Prometheus生態系統由各種組件組成,用於功能的擴充:
組件 |
描述 |
Prometheus Server |
負責監控數據採集和時序數據存儲,並提供數據查詢功能。 |
客戶端SDK |
對接Prometheus的開發工具包。 |
Push Gateway |
推送數據的網關組件。 |
第三方Exporter |
各種外部指標收集系統,其數據可以被Prometheus採集 |
AlertManager |
告警管理器。 |
其他輔助支持工具 |
– |
Prometheus的核心組件Prometheus Server的主要功能包括:
從Kubernetes Master獲取需要監控的資源或服務信息;從各種Exporter抓取(Pull)指標數據,然後將指標數據保存在時序資料庫(TSDB)中;向其他系統提供HTTP API進行查詢;提供基於PromQL語言的數據查詢;可以將告警數據推送(Push)給AlertManager,等等。
Prometheus的系統架構:
NodeExporter
NodeExporter主要用來採集伺服器CPU、內存、磁碟、IO等信息,是機器數據的通用採集方案。

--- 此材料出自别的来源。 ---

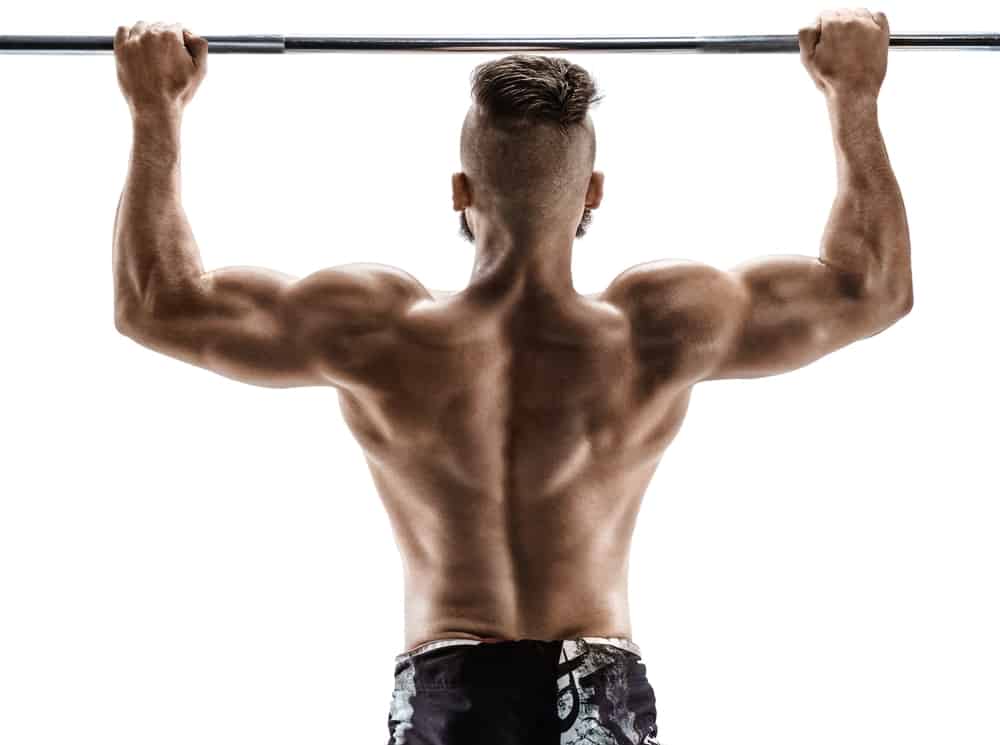 back of young man doing pull ups on white background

只要在宿主機上安裝NodeExporter和cAdisor容器,通過Prometheus進行抓取即可。它同Zabbix的功能相似.
Grafana
Grafana是一個Dashboard工具,用Go和JS開發,它是一個時間序列資料庫的界面展示層,通過SQL命令查詢出Metrics並將結果展示出來。它能自定義多種儀錶盤,可以輕鬆實現覆蓋多個Docker的宿主機監控信息的展現。
搭建Prometheus+Grafana+NodeExporter平台
這裡我們通過helm的方式搭建,簡單方便快捷,運行之後,相關的鏡像都會創建成功.下面是創建成功的鏡像列表。

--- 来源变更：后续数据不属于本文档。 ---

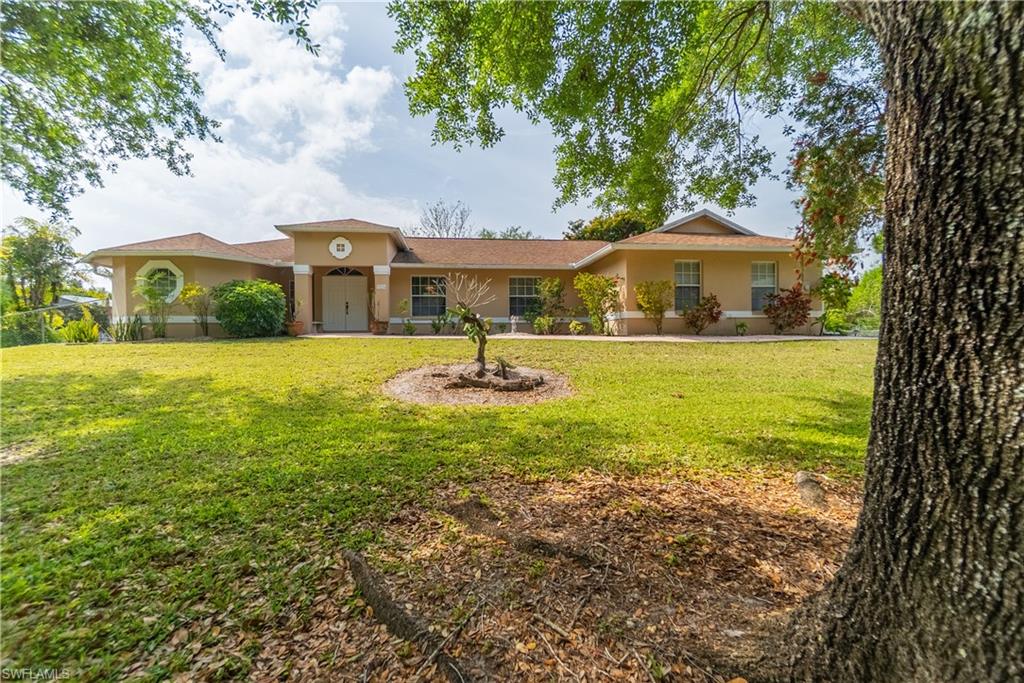 Single story home featuring a front lawn and stucco siding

┌──[root@vms81.liruilongs.github.io]-[~/ansible/k8s-helm-create/kube-prometheus-stack]
└─$kubectl get pods
NAME READY STATUS RESTARTS AGE
alertmanager-liruilong-kube-prometheus-alertmanager-0 2/2 Running 0 61m
liruilong-grafana-5955564c75-zpbjq 3/3 Running 0 62m
liruilong-kube-prometheus-operator-5cb699b469-fbkw5 1/1 Running 0 62m
liruilong-kube-state-metrics-5dcf758c47-bbwt4 1/1 Running 7 (32m ago) 62m
liruilong-prometheus-node-exporter-rfsc5 1/1 Running 0 62m
liruilong-prometheus-node-exporter-vm7s9 1/1 Running 0 62m
liruilong-prometheus-node-exporter-z9j8b 1/1 Running 0 62m
prometheus-liruilong-kube-prometheus-prometheus-0 2/2 Running 0 61m
┌──[root@vms81.liruilongs.github.io]-[~/ansible/k8s-helm-create/kube-prometheus-stack]
└─$
環境版本
我的K8s集群版本
┌──[root@vms81.liruilongs.github.io]-[~/ansible/k8s-helm-create]
└─$kubectl get nodes
NAME STATUS ROLES AGE VERSION
vms81.liruilongs.github.io Ready control-plane,master 34d v1.22.2
vms82.liruilongs.github.io Ready <none> 34d v1.22.2
vms83.liruilongs.github.io Ready <none> 34d v1.22.2
hrlm版本
┌──[root@vms81.liruilongs.github.io]-[~/ansible/k8s-helm-create]
└─$helm version
version.BuildInfo{Version:"v3.2.1", GitCommit:"fe51cd1e31e6a202cba7dead9552a6d418ded79a", GitTreeState:"clean", GoVersion:"go1.13.10"}
prometheus-operator(舊名字)安裝出現的問題
┌──[root@vms81.liruilongs.github.io]-[~/ansible/k8s-helm-create]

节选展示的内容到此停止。